--- Supplied entries Enclosed Below ---

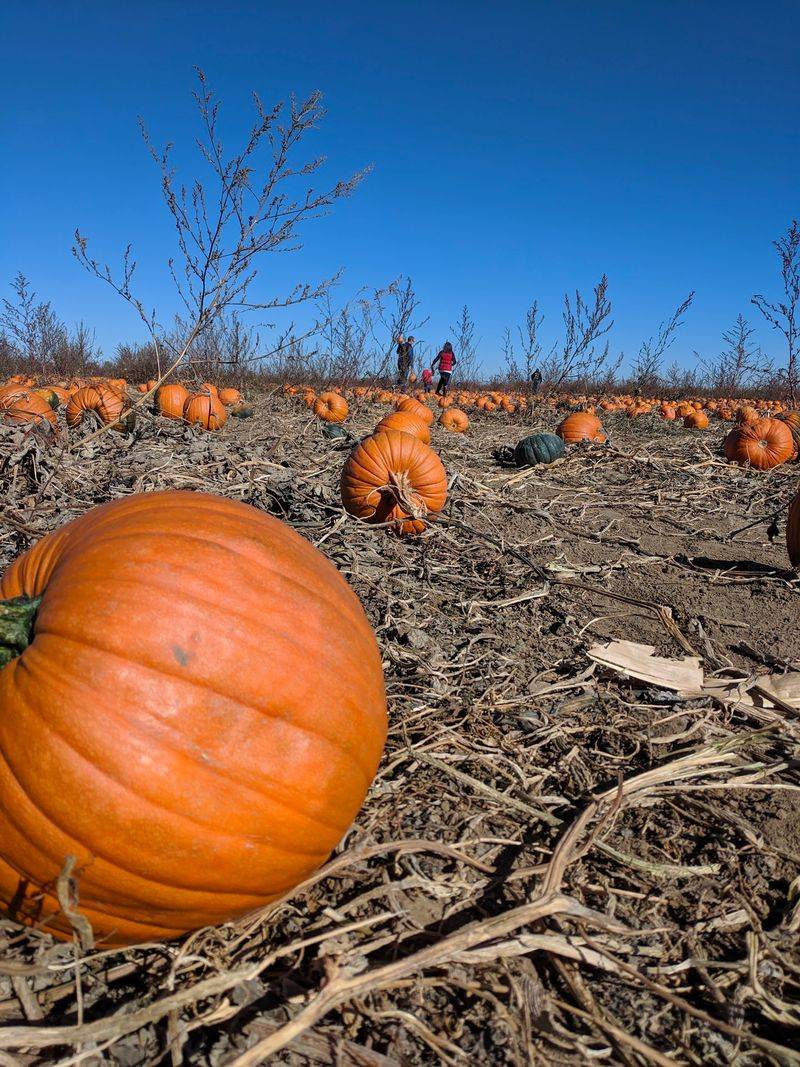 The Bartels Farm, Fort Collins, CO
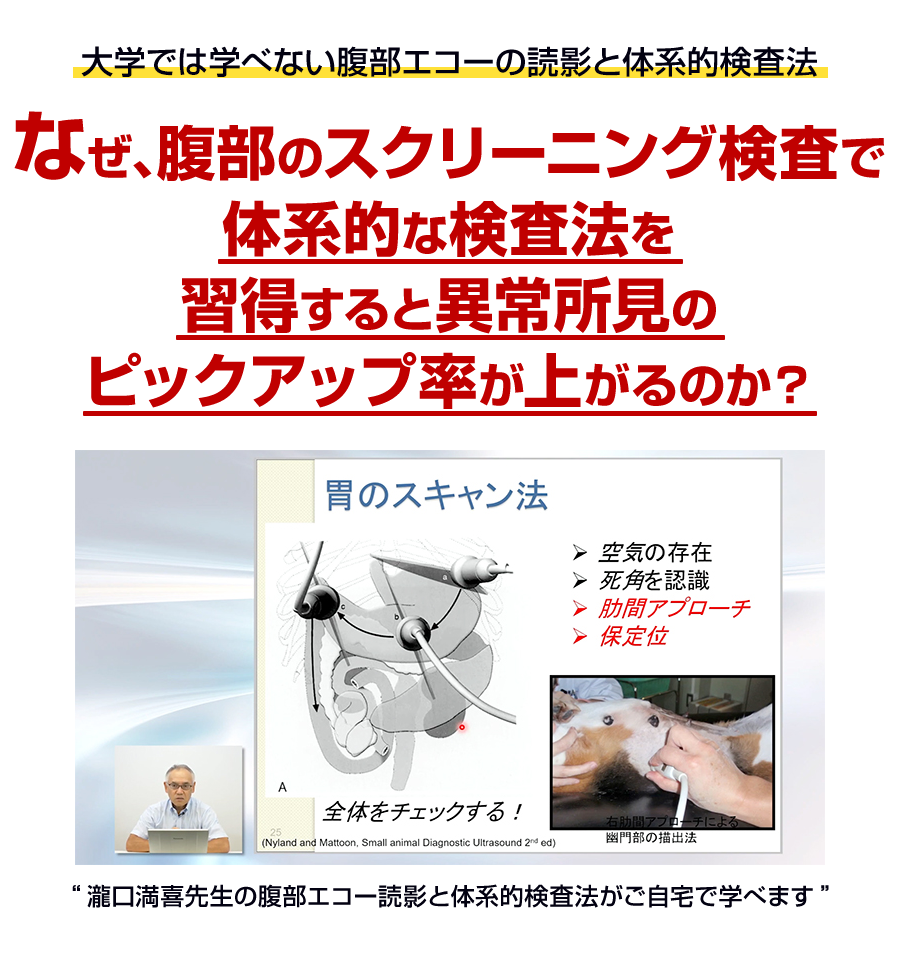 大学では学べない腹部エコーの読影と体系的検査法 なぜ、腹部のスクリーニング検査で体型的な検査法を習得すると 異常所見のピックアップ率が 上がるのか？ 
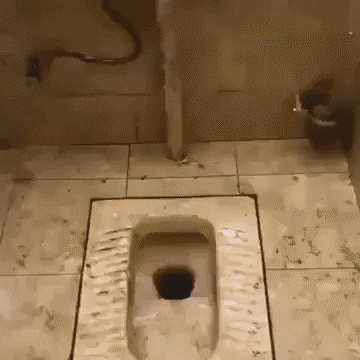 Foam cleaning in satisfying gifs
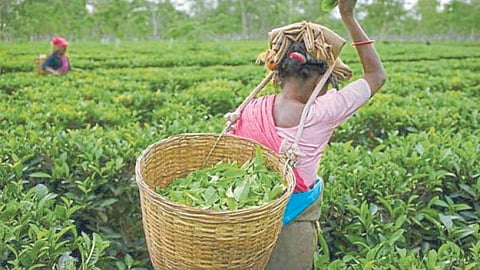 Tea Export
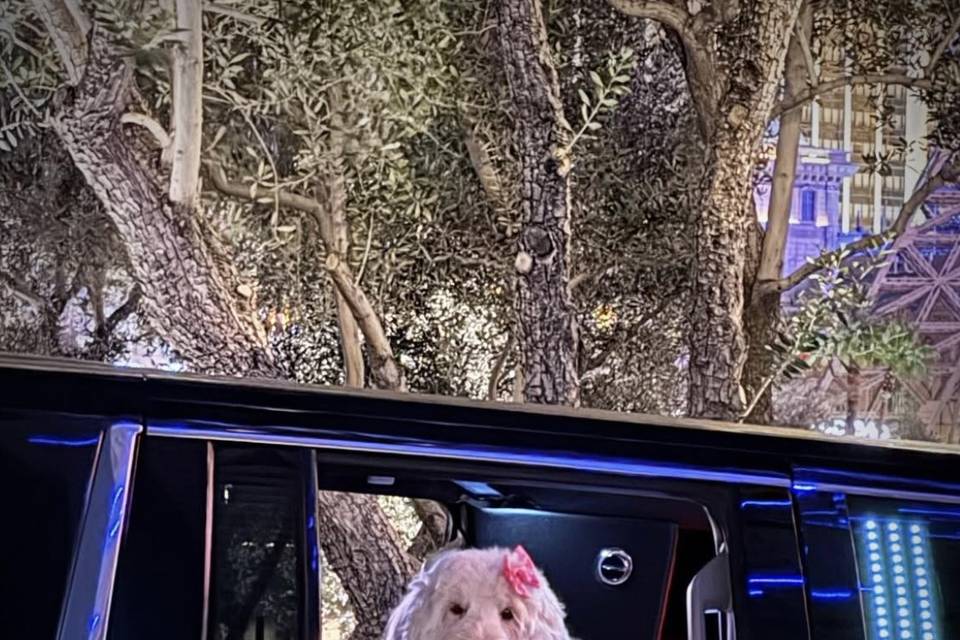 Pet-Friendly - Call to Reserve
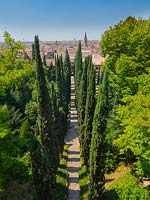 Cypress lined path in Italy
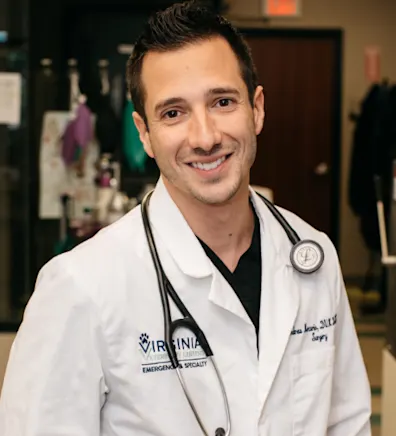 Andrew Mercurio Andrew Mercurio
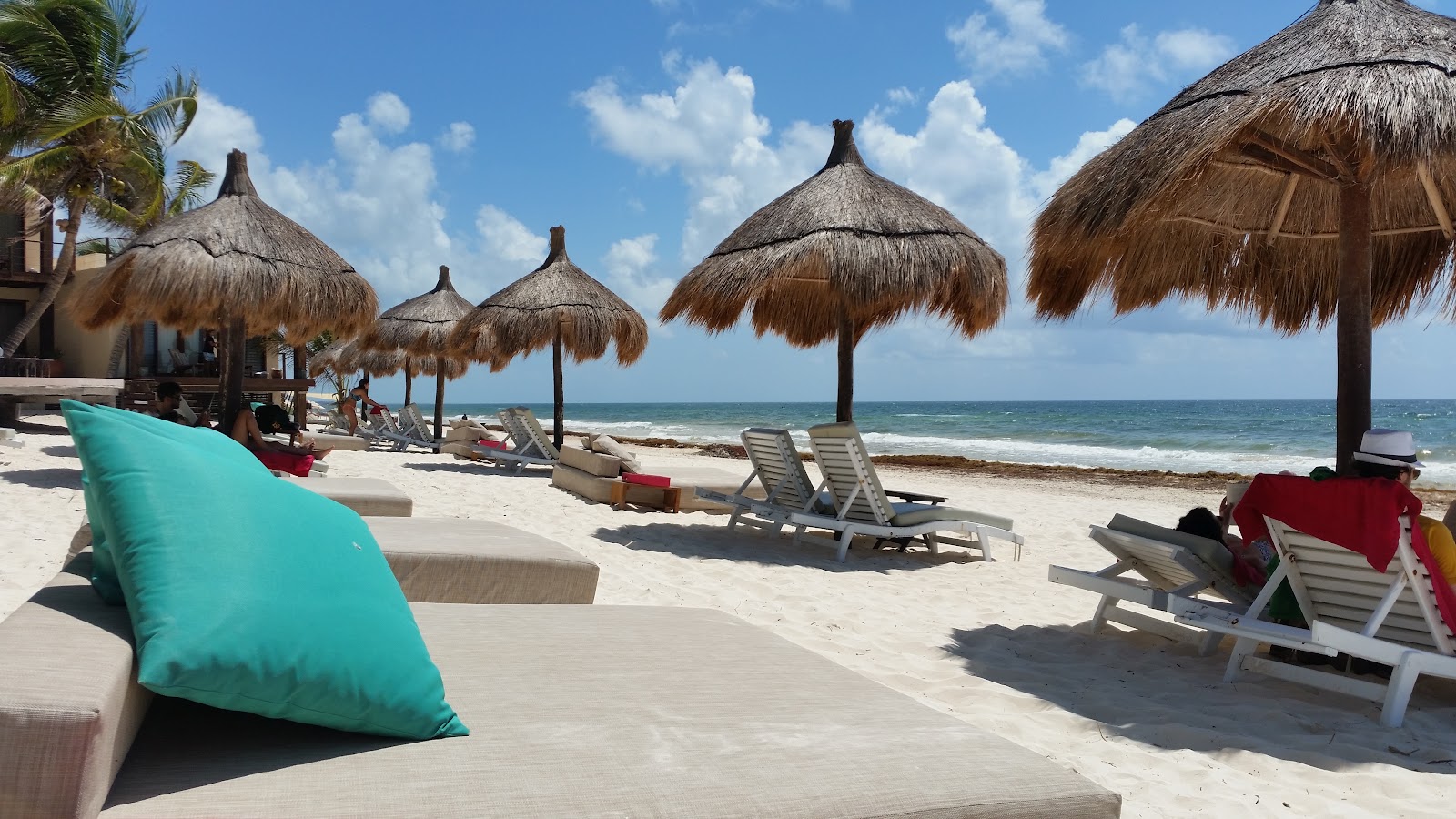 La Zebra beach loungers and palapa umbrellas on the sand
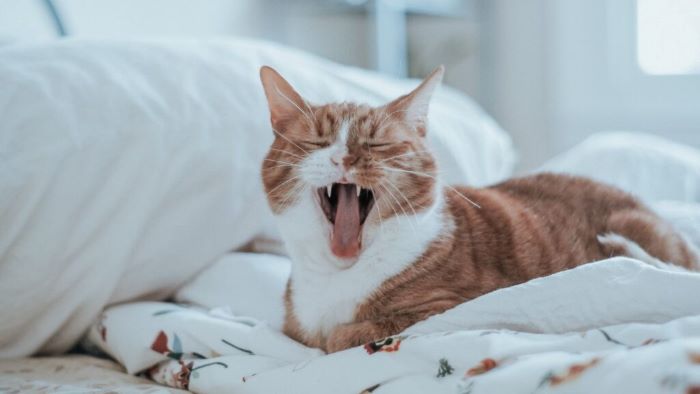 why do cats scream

--- End of Enclosed Supplied entries ---
--- Supplied entries Enclosed Below ---

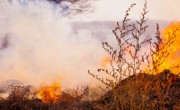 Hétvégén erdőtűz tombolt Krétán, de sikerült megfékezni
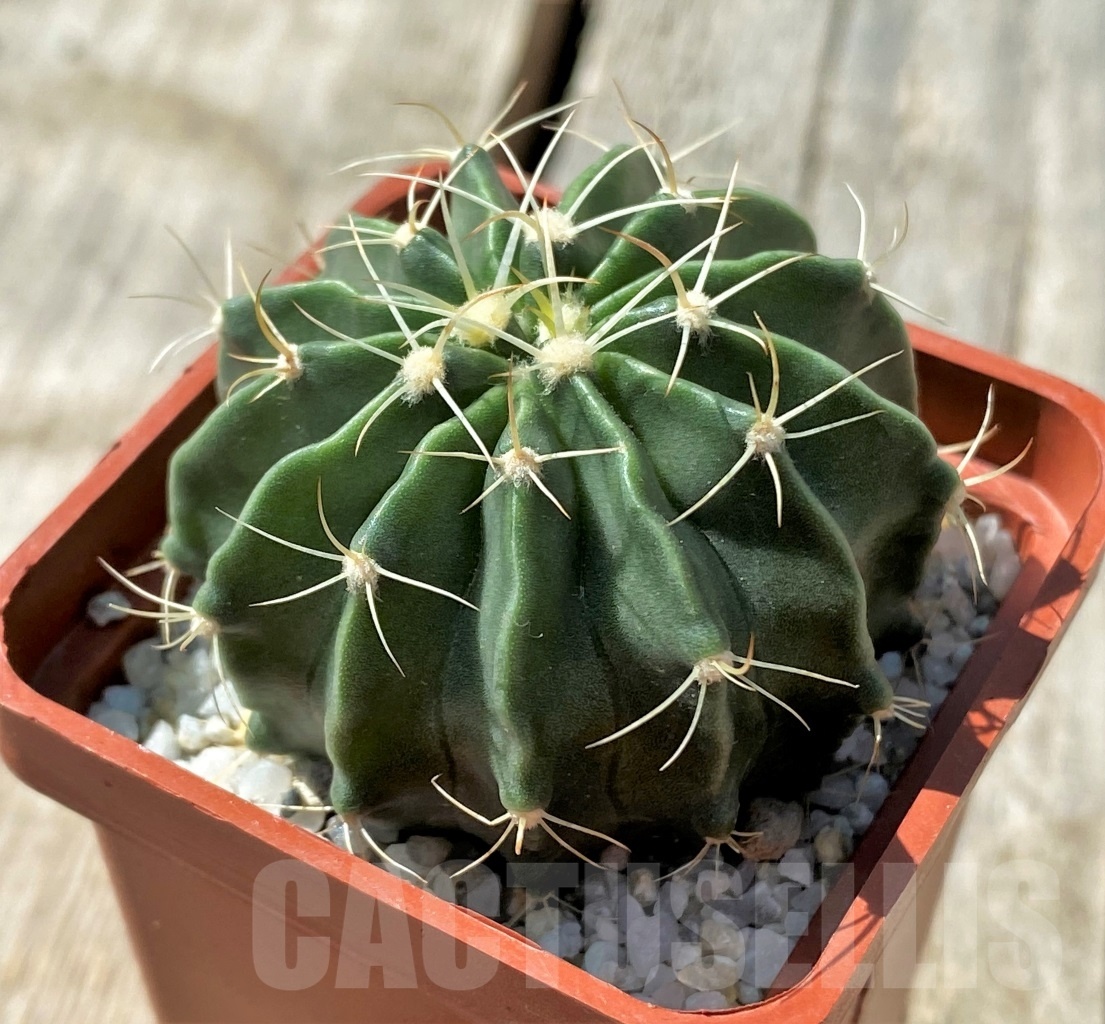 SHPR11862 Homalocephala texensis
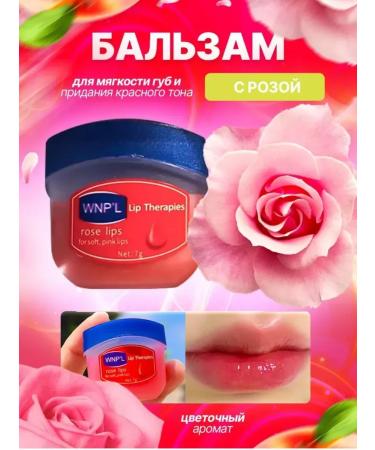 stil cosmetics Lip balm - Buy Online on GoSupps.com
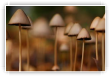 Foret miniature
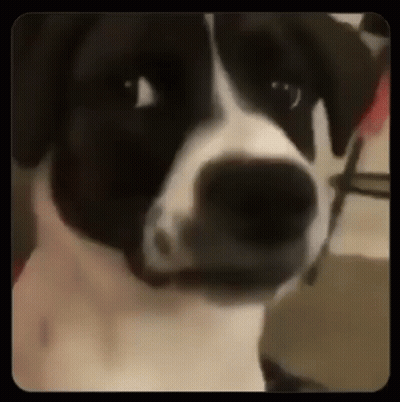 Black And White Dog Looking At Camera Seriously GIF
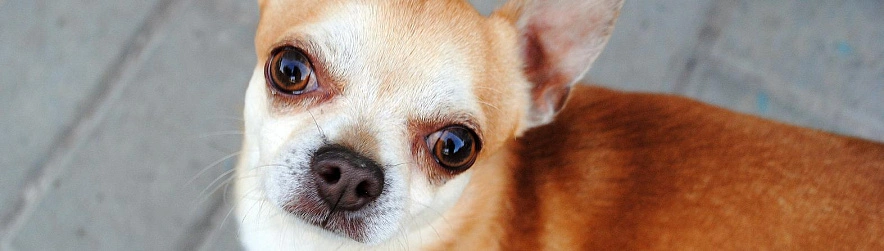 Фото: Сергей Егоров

--- End of Enclosed Supplied entries ---
--- Supplied entries Enclosed Below ---

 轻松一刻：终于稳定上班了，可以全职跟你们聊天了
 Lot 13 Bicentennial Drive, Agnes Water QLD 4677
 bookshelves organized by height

--- End of Enclosed Supplied entries ---

Exercise brief ->
Taking the entries above, extract every line from the one bearing "The Bartels Farm, Fort Collins, CO" through the one bearing "why do cats scream", exactly, with no pictures.

Exercise response ->
 The Bartels Farm, Fort Collins, CO
 大学では学べない腹部エコーの読影と体系的検査法 なぜ、腹部のスクリーニング検査で体型的な検査法を習得すると 異常所見のピックアップ率が 上がるのか？ 
 Foam cleaning in satisfying gifs
 Tea Export
 Pet-Friendly - Call to Reserve
 Cypress lined path in Italy
 Andrew Mercurio Andrew Mercurio
 La Zebra beach loungers and palapa umbrellas on the sand
 why do cats scream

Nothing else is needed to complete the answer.